De plus, à considérer les conditions comme de véritables caractères, tant on suppose qu'elles ont pétri, modelé et sculpté l'homme qu'elles ont saisi, encore est-il que les conditions sont des caractères d'emprunt qui n'ont pas la profondeur et la plénitude de caractères innés. Elles sont les attitudes et les gestes appris de la personne humaine plutôt que des ressorts intimes et permanents.
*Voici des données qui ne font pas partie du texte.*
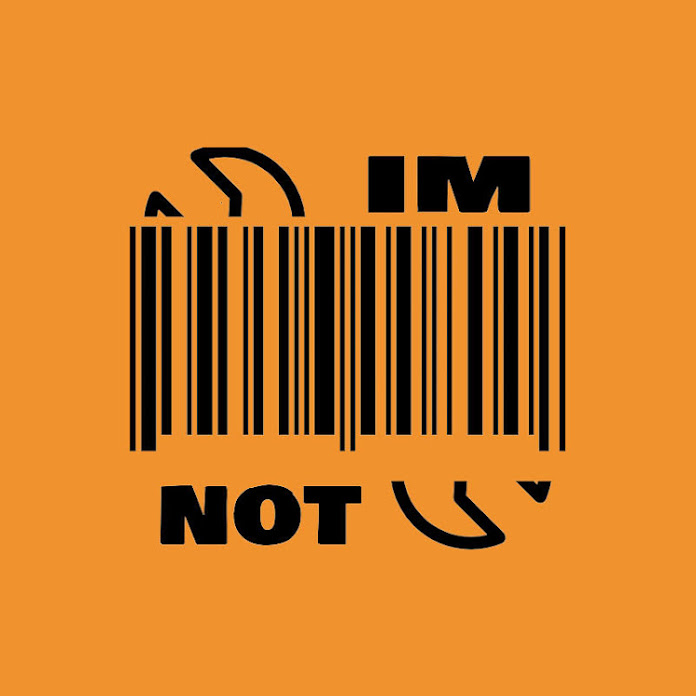 The Clay Way Net Worth & Earnings (2026)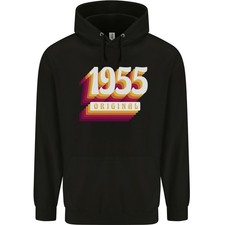 Hoodie Original Pour Hommes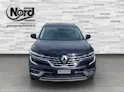 Renault Koleos 2.0 Blue dCi Initiale X-Tronic 4WD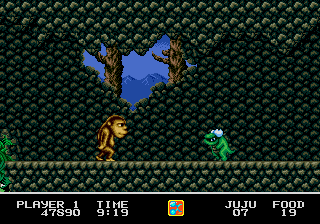 Screenshot 14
Ce sont des modifications de caractère, et non des caractères.—Dès lors, autant elles sont intéressantes, montrées avec le caractère qu'elles ont modifié, autant elles sont comme vides et comme sans support, présentées sans ce caractère et abstraites de lui.—Et de là cette conséquence curieuse: loin que Diderot corrige ce défaut de nos pères qui consistait à donner des abstractions pour des caractères, voilà qu'il y tombe plus qu'eux. Tout au moins, en un autre sens, il procède exactement de même. Eux nous donnaient pour tout un homme un défaut. Lui nous donne pour tout un homme, une habitude prise, ou un préjugé, ou une mine. Peindre l'inconstant c'est faire une abstraction; mais peindre le juge d'instruction, c'est en faire une autre. Ecrire l'Avare c'est abstraire; mais écrire le Père de famille c'est abstraire encore. Ce qu'il nous faut mettre devant les yeux, c'est un homme avec sa faculté maîtresse, modifiée, ou aidée et exagérée, ou combattue par sa condition, c'est-à-dire l'homme avec son fond, et avec la pression que font sur lui ses entours, et le pli qu'ils laissent sur lui.—Et, par exemple, ce n'est ni l'avare ni le père de famille qu'il faut écrire, mais l'avare père de famille, et c'est précisément ce qu'a fait Molière quand il a créé Harpagon.—D'où il suit qu'au lieu de faire un pas en avant, Diderot en faisait un en arrière sur ceux qui, tout en procédant par «caractère», d'instinct n'en montraient pas moins l'homme concret et complet, en présentant ce caractère dans le cadre que la «condition» lui faisait, avec l'appoint que la «condition» y ajoutait, dans le jeu, enfin, et le branle où la «condition» ne pouvait manquer de le mettre.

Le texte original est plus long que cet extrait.